WHAT YOU ARE ASKED TO DO: Report the number of lines of the listing below containing the string "Edition", with nothing added.
§
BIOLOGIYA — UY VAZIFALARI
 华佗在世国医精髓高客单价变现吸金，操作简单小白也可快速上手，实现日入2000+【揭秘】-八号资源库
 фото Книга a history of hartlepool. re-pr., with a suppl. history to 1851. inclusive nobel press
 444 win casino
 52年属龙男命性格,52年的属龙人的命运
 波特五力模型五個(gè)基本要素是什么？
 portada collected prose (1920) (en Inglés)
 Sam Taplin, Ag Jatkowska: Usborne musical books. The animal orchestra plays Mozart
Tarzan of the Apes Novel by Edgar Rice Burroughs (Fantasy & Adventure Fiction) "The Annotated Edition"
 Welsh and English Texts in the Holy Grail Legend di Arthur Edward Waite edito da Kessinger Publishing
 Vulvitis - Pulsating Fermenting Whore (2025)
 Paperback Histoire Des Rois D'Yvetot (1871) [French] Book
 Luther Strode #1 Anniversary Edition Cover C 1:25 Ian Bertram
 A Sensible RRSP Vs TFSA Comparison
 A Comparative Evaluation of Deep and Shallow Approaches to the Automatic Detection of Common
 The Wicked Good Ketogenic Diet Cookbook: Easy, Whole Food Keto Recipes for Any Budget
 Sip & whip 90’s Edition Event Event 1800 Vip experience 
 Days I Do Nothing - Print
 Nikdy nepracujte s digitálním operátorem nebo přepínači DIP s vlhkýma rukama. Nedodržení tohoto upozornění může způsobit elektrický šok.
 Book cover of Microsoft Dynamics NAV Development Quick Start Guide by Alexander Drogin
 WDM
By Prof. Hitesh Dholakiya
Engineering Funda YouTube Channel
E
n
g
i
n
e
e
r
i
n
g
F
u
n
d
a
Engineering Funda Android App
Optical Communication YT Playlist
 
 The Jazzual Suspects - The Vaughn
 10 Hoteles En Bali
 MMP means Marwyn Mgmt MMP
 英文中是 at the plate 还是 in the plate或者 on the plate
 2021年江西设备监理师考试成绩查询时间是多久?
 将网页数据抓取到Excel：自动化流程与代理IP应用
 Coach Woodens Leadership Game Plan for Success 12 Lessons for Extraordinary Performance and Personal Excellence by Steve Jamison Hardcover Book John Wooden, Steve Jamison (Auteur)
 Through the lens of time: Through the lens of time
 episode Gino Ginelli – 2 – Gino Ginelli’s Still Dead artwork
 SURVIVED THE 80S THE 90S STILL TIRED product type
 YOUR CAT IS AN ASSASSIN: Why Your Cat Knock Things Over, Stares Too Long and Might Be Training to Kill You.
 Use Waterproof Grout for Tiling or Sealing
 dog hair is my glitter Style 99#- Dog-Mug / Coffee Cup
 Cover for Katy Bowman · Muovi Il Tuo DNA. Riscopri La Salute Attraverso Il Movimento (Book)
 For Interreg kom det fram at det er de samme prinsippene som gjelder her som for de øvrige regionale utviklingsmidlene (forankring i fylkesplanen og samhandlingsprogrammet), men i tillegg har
§
ANSWER TO THIS PROBLEM: 3